Meskipun orang-orang sering menjadi lebih terbuka terhadap cita rasa novel ketika mereka tumbuh menjadi dewasa, kebanyakan anak-anak yang neofobia cenderung memilih-pilih dalam kaitannya dengan teman sebayanya sepanjang hidup mereka, kata Pelchat. Tetapi faktor sosial, seperti penerimaan teman sebaya, juga dapat sangat memengaruhi cara orang makan. Dia ingat bahwa ketika putranya masih kecil, suatu hari dia meletakkan kiwi cut-up di kotak makan siangnya dan salah satu teman sekelasnya berkata, "oh, kamu punya kiwi! Kamu beruntung." Setelah itu, jelas, dia jauh lebih bersemangat untuk makan kiwi daripada jika teman-temannya menunjukkan rasa jijik pada buah hijau berlendir dalam makan siangnya.

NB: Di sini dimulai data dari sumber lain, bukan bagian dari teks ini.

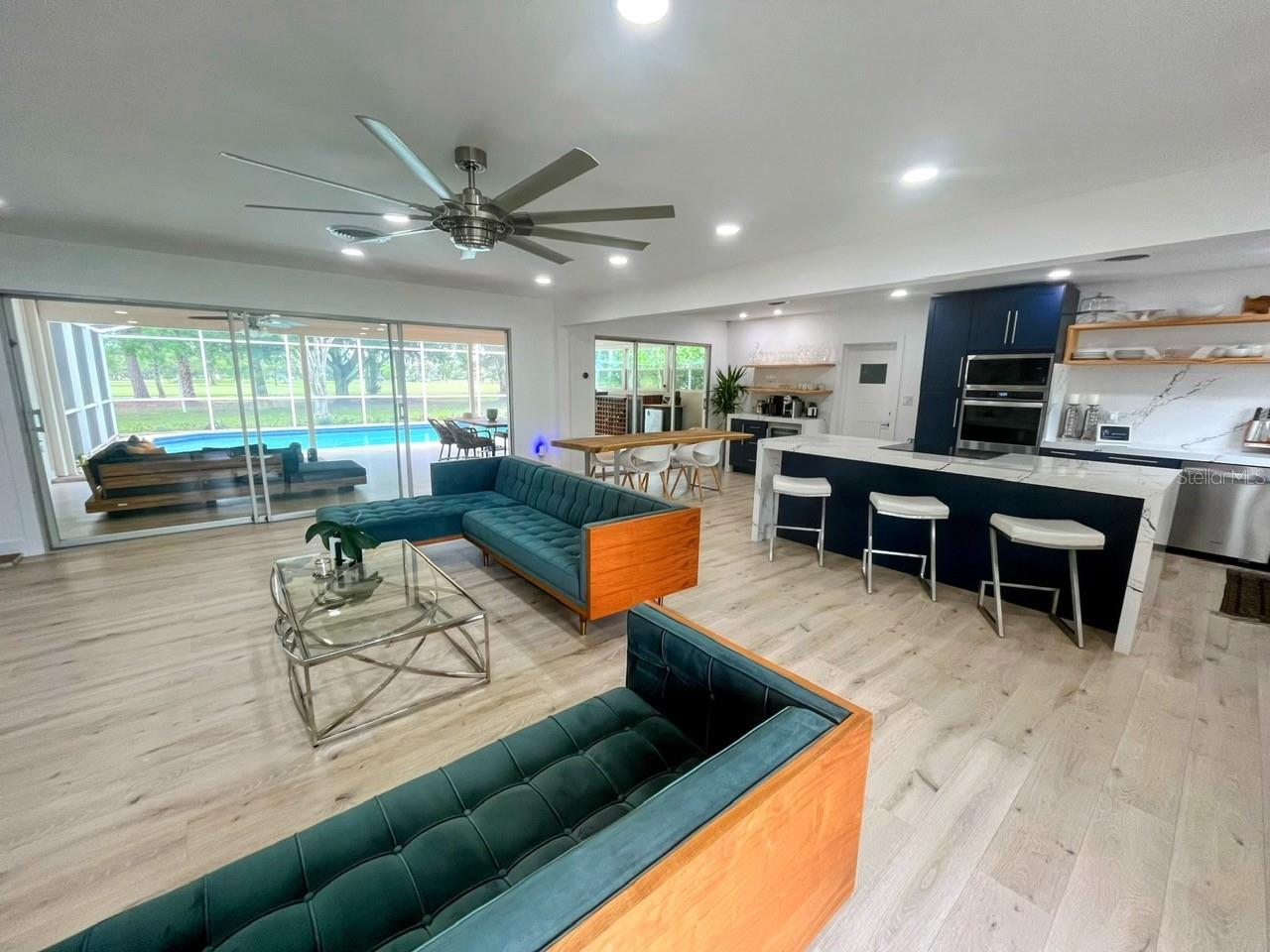 Image 6 of 27 For 703 Whitfield Avenue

Namun demikian, meningkatnya minat orang Amerika terhadap produk yang eksotis sekali-sekali, menempatkan kerutan dalam penelitian Pelchat tentang bagaimana orang bereaksi terhadap makanan asing. "Saya sangat kesal karena mangga menjadi populer, " katanya. "Kami selalu mencari novel yang rasanya juga enak."
Ketika orang menjadi dewasa, tinggal jauh dari keluarga mereka dan memperluas pengalaman sosial mereka, kesediaan mereka untuk mencoba makanan baru juga cenderung berkembang. "Orang-orang pergi berkencan, dan mereka tidak ingin terlihat seperti bayi, " katanya.
Makan petualang tidak selalu berkurang setelah usia paruh baya, meskipun perubahan indra dapat mempengaruhi preferensi makanan. Dimulai sejak usia 40-an, penciuman seseorang, khususnya, mulai menurun. Terkadang hal ini mengarah pada preferensi untuk makanan yang lebih manis, karena sensitivitas terhadap rasa manis lebih lama daripada yang lain. Ahli diet yang bermaksud baik untuk rumah pensiun sering mengambil garam dari makanan, kata Pelchat, meskipun hanya mereka yang memiliki kondisi medis tertentu yang membutuhkan diet rendah garam. "Ketika Anda mengambil garam dari makanan, Anda membuatnya benar-benar hambar, " katanya. "Garam juga merupakan penghambat pahit yang lebih baik daripada gula." Kelemahlembutan ini, dikombinasikan dengan indera yang sudah diredam, dapat mengambil banyak kesenangan dari makanan untuk orang tua.
Mungkin, setelah menangani makan siang di sekolah, Jamie Oliver harus mengambil rumah jompo?